• _Prompt_:
Run through the data and copy out every line that mentions the word "Tesla".

(Crawled caption data)
== Segment start ==

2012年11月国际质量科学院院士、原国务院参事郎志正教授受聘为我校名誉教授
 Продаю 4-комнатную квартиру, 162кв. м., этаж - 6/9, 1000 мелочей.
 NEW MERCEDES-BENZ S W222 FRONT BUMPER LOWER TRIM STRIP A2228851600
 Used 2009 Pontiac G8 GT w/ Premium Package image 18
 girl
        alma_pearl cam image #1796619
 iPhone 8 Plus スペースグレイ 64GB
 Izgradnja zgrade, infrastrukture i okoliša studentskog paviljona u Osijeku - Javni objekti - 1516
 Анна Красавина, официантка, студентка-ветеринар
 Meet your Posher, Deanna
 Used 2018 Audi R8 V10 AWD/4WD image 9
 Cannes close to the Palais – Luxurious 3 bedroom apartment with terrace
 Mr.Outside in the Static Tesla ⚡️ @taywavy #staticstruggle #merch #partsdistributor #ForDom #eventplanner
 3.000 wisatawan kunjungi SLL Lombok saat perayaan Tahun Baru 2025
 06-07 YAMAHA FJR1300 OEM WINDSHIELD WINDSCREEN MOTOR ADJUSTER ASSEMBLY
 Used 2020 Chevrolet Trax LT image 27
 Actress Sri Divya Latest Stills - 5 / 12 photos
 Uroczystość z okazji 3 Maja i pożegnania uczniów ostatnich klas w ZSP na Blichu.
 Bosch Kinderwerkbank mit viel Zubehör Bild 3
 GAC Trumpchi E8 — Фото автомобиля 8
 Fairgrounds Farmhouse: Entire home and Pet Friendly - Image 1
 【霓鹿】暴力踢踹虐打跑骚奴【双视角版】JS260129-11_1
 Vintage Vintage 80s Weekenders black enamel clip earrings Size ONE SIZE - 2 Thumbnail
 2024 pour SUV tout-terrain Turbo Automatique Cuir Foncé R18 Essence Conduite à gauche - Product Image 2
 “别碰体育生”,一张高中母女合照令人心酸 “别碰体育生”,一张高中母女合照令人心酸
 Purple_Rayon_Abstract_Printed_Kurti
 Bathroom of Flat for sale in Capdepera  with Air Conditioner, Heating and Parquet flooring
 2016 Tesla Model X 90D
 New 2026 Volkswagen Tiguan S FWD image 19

== Segment end ==

• _Answer below_:
 Mr.Outside in the Static Tesla ⚡️ @taywavy #staticstruggle #merch #partsdistributor #ForDom #eventplanner
 2016 Tesla Model X 90D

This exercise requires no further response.